4 Responses to “10 Warning Signs That Your IWMS Sucks”

  1. Larry Barkley says:

    Steve

    What a great post! Loved your application of these principles to IWMS software, especially #1 and #2. We all have to be aware of your quote ” Customers don’t love technology as much as you do. They don’t care about technology, nor do they care about you. They care about themselves.”

    Keep up the great work!

    Larry

    • Steven Hanks says:

      Larry,

      thank you so much for your comment! I’m very excited that you like what I’ve applied to our industry.

      Have a great weekend!

      Steven

  2. At first I thought this was a belated April Fool’s joke and then realized no one’s mental calendar could be that far off despite what happened in the 80s… To suggest that “many” of the IWMS vendors have these types of issues is harsh and misleading. I truly believe that most of the vendors in this space care about their clients and the quality of their products. That is not to say that every implementation goes perfectly or there are no unhappy clients. It is also fair to say that client’s themselves have to take their share of the responsibility for these types of failures.

    The article does raise several issues that every vendor can benefit from by asking themselves if their clients feel this way but please, let’s refrain from turning this blog into a huge negative spin on the IWMS software industry.

    • Steven Hanks says:

      Ken,

      thank you so much for your comment. What I have written is no joke, nor a negative spin on the IWMS industry.

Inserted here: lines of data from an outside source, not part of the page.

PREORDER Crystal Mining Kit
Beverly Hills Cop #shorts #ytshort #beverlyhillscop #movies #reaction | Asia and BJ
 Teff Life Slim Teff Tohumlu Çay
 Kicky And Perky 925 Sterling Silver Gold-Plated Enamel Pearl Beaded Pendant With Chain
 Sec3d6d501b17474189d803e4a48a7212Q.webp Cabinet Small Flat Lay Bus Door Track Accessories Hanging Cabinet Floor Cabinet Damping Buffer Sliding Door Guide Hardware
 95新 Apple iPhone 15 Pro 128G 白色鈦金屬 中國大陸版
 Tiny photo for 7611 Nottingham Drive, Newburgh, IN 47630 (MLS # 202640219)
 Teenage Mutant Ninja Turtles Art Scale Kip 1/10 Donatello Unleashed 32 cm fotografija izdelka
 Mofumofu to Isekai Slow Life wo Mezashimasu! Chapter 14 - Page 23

      As you can read from my ‘About’ page: “My name is Steven Hanks and I’m extremely enthusiastic about Integrated Workplace Management Systems.”

      I don’t question the legitimacy or integrity of IWMS vendors at all as I do agree with you that most IWMS vendors care about their clients and the quality of their products.

      I cited Jonathan Morrow:

      “There aren’t any rules, no, but there are warnings. If your content (read: IWMS) sucks, you’ll see dozens, maybe hundreds of telltale signs, hinting that something is wrong. I’ve collected 10 of the most common here. Take a look through them, and see if any describe you.”

      Ken, some points might apply to you, others not at all. It is totally up to you whether you want to use these points to your advantage or consider it junk.